We’re all pretty familiar with email. Whether you love it or hate it, we all get email on a daily basis. We get email from work, from friends and family, and from that newsletter we’ve already unsubscribed to 5 times.
Since you know what email is, we’re going to dive into how email is different when it comes to UX writing. By the end of this lesson, you’re never going to be able to look at an email the same way again 👻
When it comes to email and UX writing, there are 3 important things to know about how people use email:
- Emails are task-oriented: Aka email is often associated with practical communications, like work emails and Amazon shipping confirmations.
- Emails are time-sensitive: People perceive emails as highly time sensitive. That’s why we check email before we even get out of bed in the morning.
- Email is done while multitasking: Most people check personal emails while working and work emails while doing personal things.
And every single email is made up of three main parts:
- Subject line
- Email body
Here’s what that looks like in the average inbox and email:
Let me break it down…
Together with the preheader, the subject line is the very first touchpoint a user will have with an email. It’s like a billboard advertising why you should (or shouldn’t) open the email.
The preheader is a line of text programmed in the email software to display underneath the subject line in the inbox. It adds extra context to the subject line to make an even more compelling case for you opening the email.
The email body is what’s inside the email. You only access the email body if you decide to open the email from your inbox.
The email body is made up of 4 components:
- Subheadline (optional)
- Body copy
How they work together
Email writing might seem complicated, but there’s actually a formula to it.
It’s the job of the subject line to tell the user what will be inside the email, and the job of the preheader to back it up.

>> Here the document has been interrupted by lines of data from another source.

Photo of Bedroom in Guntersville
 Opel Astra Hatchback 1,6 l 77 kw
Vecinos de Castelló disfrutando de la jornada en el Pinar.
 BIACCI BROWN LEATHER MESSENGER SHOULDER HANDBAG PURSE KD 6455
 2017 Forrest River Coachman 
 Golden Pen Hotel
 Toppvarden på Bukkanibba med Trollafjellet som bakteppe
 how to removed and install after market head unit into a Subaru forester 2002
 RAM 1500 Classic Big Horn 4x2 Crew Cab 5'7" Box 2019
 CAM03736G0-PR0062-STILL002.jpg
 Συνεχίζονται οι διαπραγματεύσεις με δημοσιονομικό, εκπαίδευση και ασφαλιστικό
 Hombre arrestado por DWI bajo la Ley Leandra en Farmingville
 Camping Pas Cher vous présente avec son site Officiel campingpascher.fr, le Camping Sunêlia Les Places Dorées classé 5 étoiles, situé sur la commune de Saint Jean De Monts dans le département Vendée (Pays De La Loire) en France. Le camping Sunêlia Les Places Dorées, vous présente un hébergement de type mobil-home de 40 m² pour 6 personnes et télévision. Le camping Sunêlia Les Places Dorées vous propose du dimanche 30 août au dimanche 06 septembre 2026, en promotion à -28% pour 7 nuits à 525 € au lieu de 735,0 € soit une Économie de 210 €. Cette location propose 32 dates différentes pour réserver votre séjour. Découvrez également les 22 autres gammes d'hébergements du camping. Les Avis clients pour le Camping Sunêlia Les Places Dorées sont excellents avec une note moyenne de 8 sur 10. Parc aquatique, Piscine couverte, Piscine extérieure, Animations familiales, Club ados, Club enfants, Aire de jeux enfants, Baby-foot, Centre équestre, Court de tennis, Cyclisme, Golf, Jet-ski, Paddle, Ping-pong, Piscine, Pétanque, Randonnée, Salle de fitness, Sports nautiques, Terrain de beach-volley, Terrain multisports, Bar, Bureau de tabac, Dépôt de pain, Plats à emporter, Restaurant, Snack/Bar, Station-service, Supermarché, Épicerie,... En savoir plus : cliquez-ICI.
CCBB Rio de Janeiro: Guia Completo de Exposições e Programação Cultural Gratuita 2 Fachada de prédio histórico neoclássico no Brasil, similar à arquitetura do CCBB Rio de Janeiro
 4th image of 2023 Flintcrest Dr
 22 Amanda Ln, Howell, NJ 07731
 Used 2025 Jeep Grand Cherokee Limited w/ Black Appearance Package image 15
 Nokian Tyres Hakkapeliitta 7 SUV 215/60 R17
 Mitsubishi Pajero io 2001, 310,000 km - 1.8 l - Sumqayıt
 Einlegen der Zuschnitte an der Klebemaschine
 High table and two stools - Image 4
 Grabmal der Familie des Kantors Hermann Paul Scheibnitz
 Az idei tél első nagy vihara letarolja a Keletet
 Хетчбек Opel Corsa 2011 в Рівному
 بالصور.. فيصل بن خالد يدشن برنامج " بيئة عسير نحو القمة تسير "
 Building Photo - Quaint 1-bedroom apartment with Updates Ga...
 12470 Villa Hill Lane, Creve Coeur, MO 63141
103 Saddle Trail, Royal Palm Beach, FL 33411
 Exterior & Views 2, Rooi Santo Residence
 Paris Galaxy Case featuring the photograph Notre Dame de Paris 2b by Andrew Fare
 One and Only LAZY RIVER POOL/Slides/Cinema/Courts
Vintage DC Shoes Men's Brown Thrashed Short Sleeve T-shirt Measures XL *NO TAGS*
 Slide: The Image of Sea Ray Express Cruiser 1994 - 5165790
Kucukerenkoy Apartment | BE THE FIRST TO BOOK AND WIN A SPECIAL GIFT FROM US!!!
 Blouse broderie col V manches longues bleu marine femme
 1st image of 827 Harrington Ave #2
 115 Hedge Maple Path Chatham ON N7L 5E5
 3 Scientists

The headline is there to reinforce the subject line and introduce the rest of the email content. The subheadline gives the headline more context, so the message is crystal clear.
Last, the body copy offers more in-depth detail and reinforces the preheader.
95% of emails should direct the user toward an action, which is where the call-to-action comes in. The CTA should clearly tie to the headline, so the user can skip the body copy, and the email still makes sense.
Types of emails you’ll work on
UX writers aren’t copywriters, so don’t expect to be writing some Black Friday promotion emails. Instead, UX writers write transactional emails.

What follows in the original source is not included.